▸ **Exercise objective**:
The material beneath this line should be printed exactly, with its pictures omitted.

▸ **Records to use**:
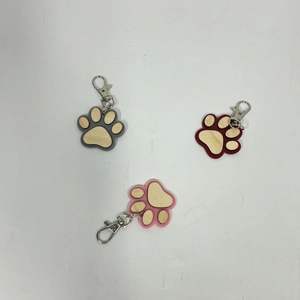 Detailed view of paw-shaped wooden keychains in grey, reddish-brown, and pink wood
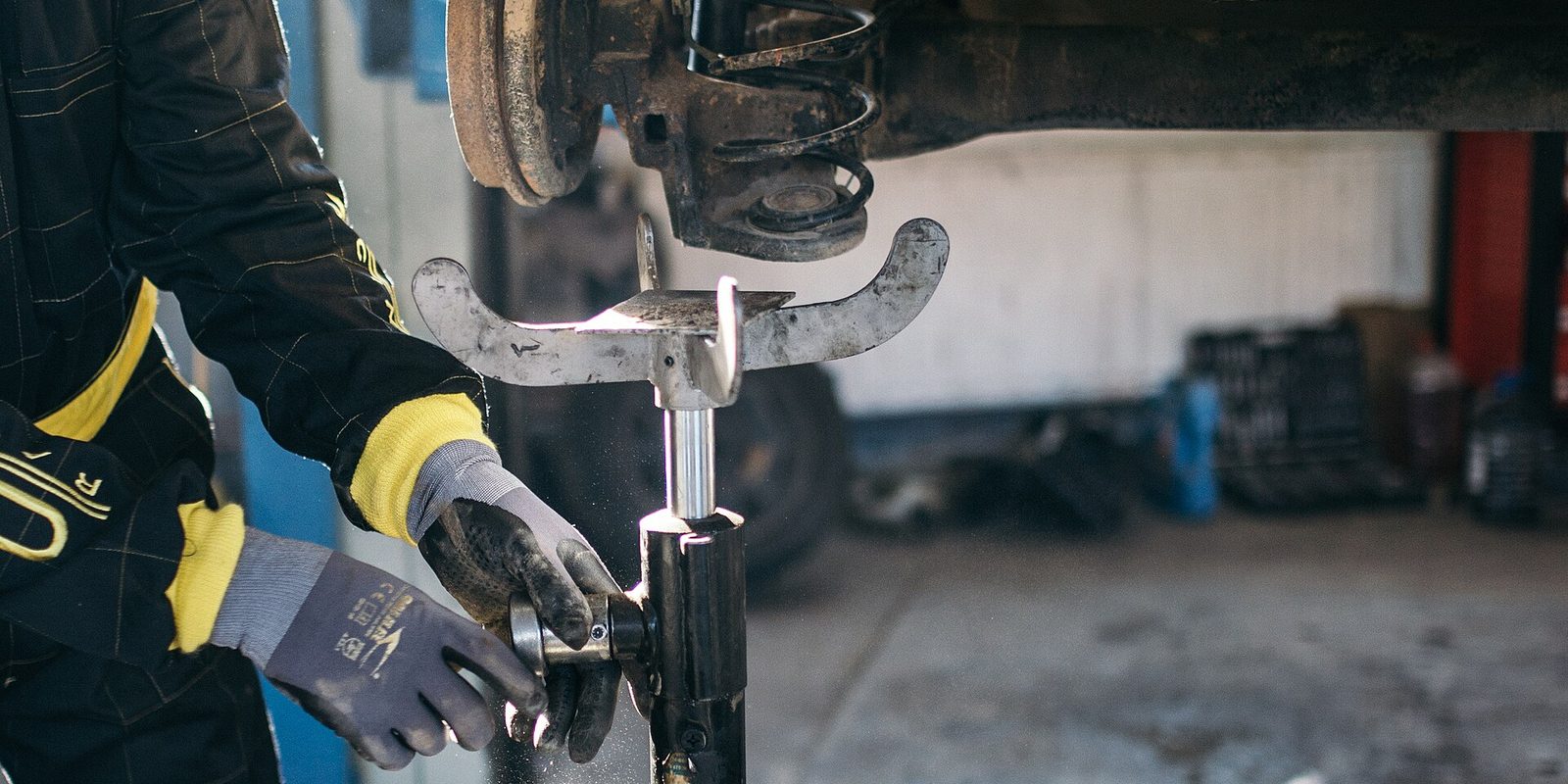 Gloved hands positioning a jack stand under the raised suspension of a vehicle in a garage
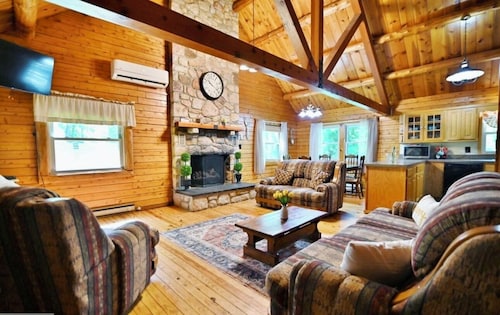 Beautiful cabin situated on wooded banks of the Shenandoah River.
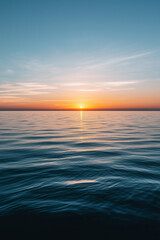 Fototapeta premium serene ocean sunset with calm water and a clear sky, vibrant orange and blue gradient, peaceful horizon, nature inspiration, relaxation concept, tranquility theme, minimalist seascape 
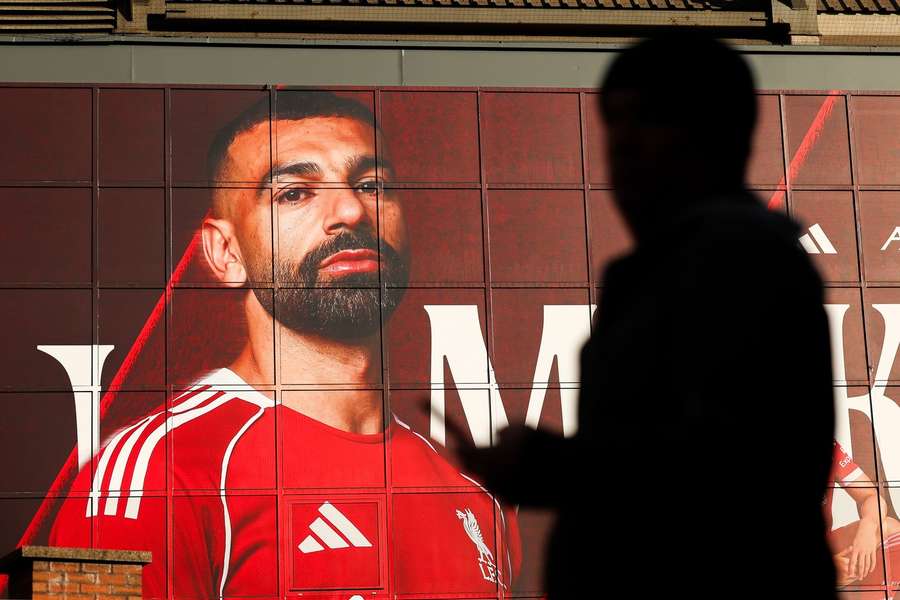 A fan walks past an image of Mohamed Salah 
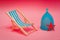 Blue Menstrual cup with a blue deck chair on a pink background. The concept of simplicity and comfort of using the menstrual cup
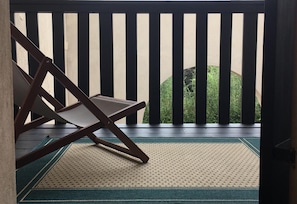 A room with a wooden chair, a patterned mat, and a view of greenery through a black and white striped railing. - Affitto camere con servizi bagno privati, in villa con giardino in luogo di pace (Sandrà)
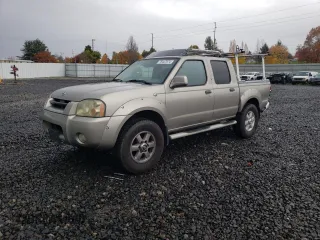 2003 Nissan Frontier XE with VIN 1N6ED27T13C440122, listed as a Copart auction lot 78447574 with 317,472 mi miles and Salvage title. Bid and sale history available at DreamBid. Image 1.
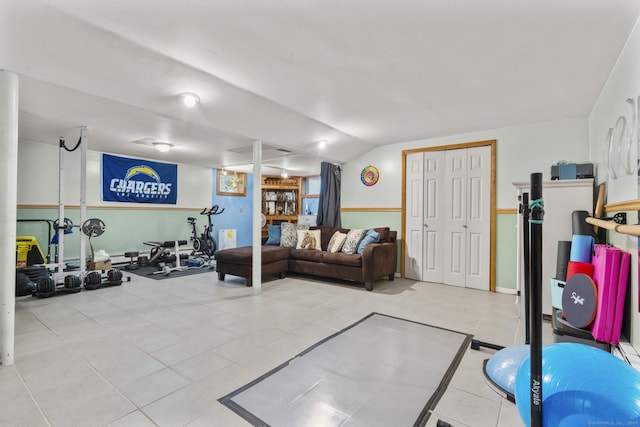 124 Pulaski Hwy, Ansonia, CT 06401 - exercise room with light tile patterned floors and vaulted ceiling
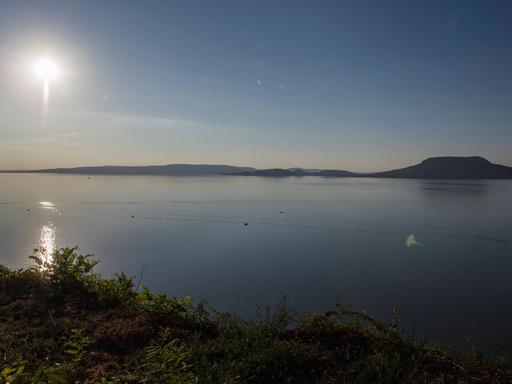 Das Bild blickt von der südlichen Seite auf den Plattensee. Der Himmel ist blau, anhand des Sonnenstandes kann man vom späten Nachmittag im Sommer ausgehen. 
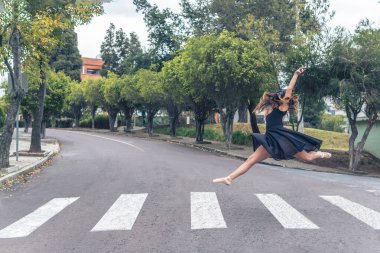 Yaya geçidinde sokakta akrobatik dönüş yapan bir balerin.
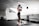 A person wearing athletic wear and a cap is in a gym setting, practicing boxing with blue gloves. The gym is well-lit and features fitness equipment such as dumbbells and benches. The person appears focused and is positioned in front of a mirrored wall.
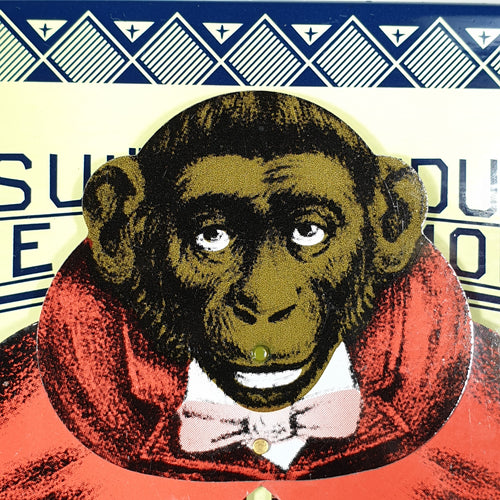 Monkey face from consult the educated monkey tin toy 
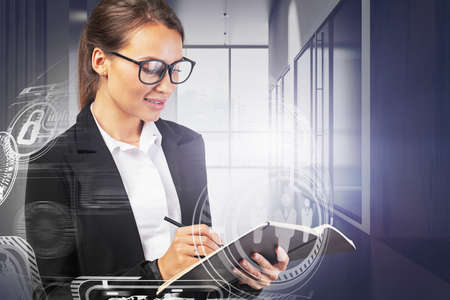 Beautiful young woman CEO in glasses writing in office hall with double exposure of blurry...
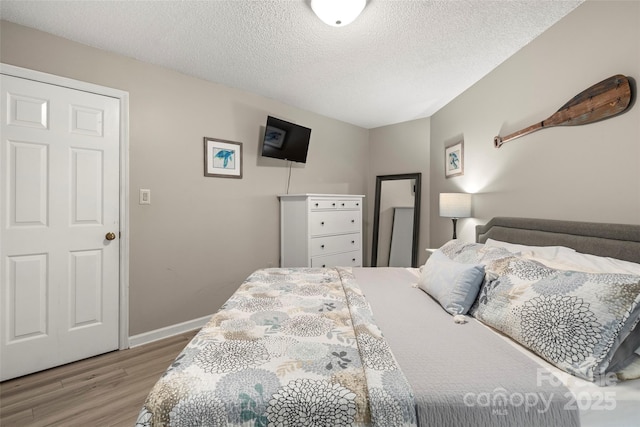 bedroom featuring a textured ceiling and light wood-type flooring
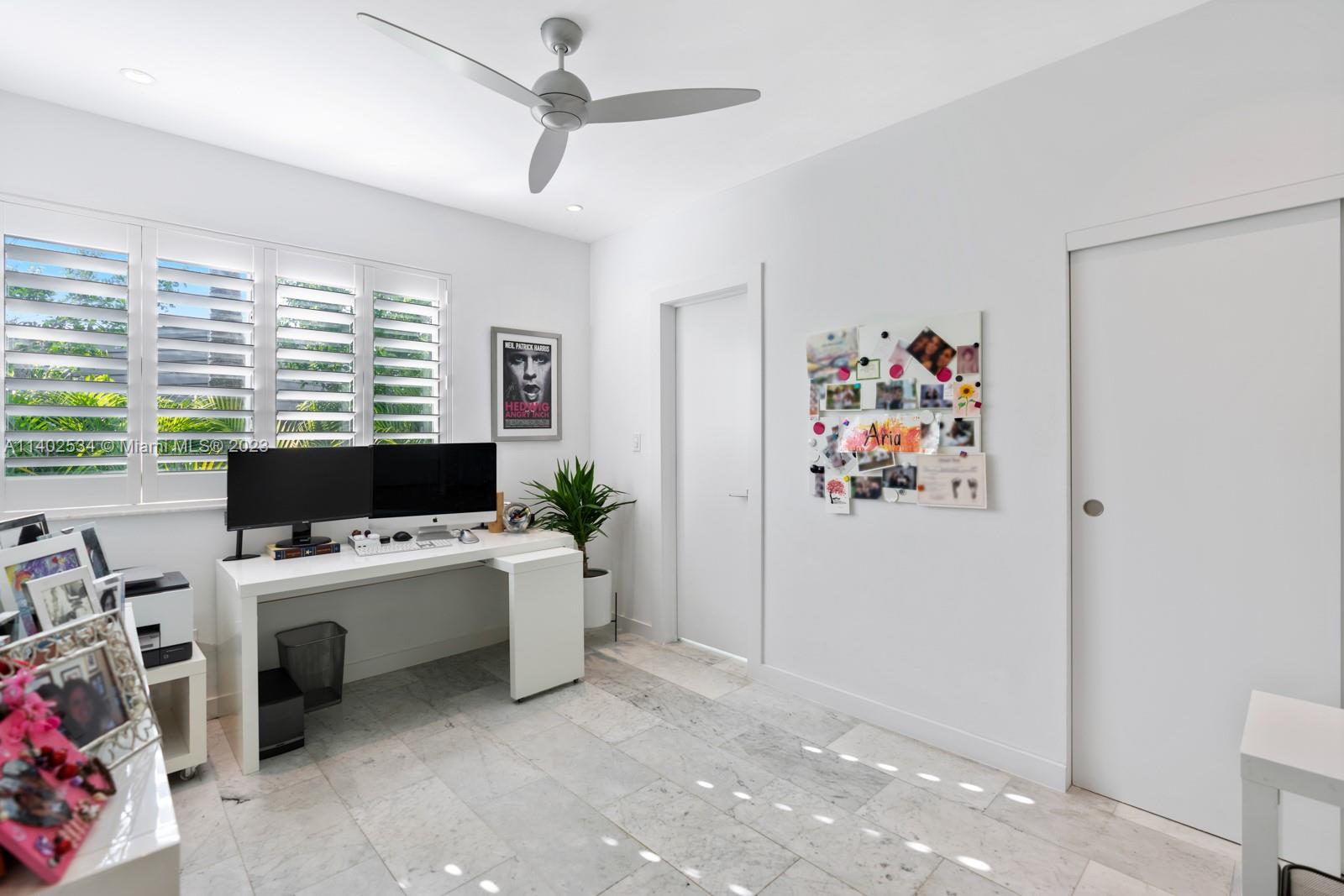 4741 Alton Road Miami Beach, FL 33140 - Photo 15 of 27 a view of a workspace with furniture and a window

▸ **Exercise result**:
 Detailed view of paw-shaped wooden keychains in grey, reddish-brown, and pink wood
 Gloved hands positioning a jack stand under the raised suspension of a vehicle in a garage
 Beautiful cabin situated on wooded banks of the Shenandoah River.
 Fototapeta premium serene ocean sunset with calm water and a clear sky, vibrant orange and blue gradient, peaceful horizon, nature inspiration, relaxation concept, tranquility theme, minimalist seascape 
 A fan walks past an image of Mohamed Salah 
 Blue Menstrual cup with a blue deck chair on a pink background. The concept of simplicity and comfort of using the menstrual cup
 A room with a wooden chair, a patterned mat, and a view of greenery through a black and white striped railing. - Affitto camere con servizi bagno privati, in villa con giardino in luogo di pace (Sandrà)
 2003 Nissan Frontier XE with VIN 1N6ED27T13C440122, listed as a Copart auction lot 78447574 with 317,472 mi miles and Salvage title. Bid and sale history available at DreamBid. Image 1.
 124 Pulaski Hwy, Ansonia, CT 06401 - exercise room with light tile patterned floors and vaulted ceiling
 Das Bild blickt von der südlichen Seite auf den Plattensee. Der Himmel ist blau, anhand des Sonnenstandes kann man vom späten Nachmittag im Sommer ausgehen. 
 Yaya geçidinde sokakta akrobatik dönüş yapan bir balerin.
 A person wearing athletic wear and a cap is in a gym setting, practicing boxing with blue gloves. The gym is well-lit and features fitness equipment such as dumbbells and benches. The person appears focused and is positioned in front of a mirrored wall.
 Monkey face from consult the educated monkey tin toy 
 Beautiful young woman CEO in glasses writing in office hall with double exposure of blurry...
 bedroom featuring a textured ceiling and light wood-type flooring
 4741 Alton Road Miami Beach, FL 33140 - Photo 15 of 27 a view of a workspace with furniture and a window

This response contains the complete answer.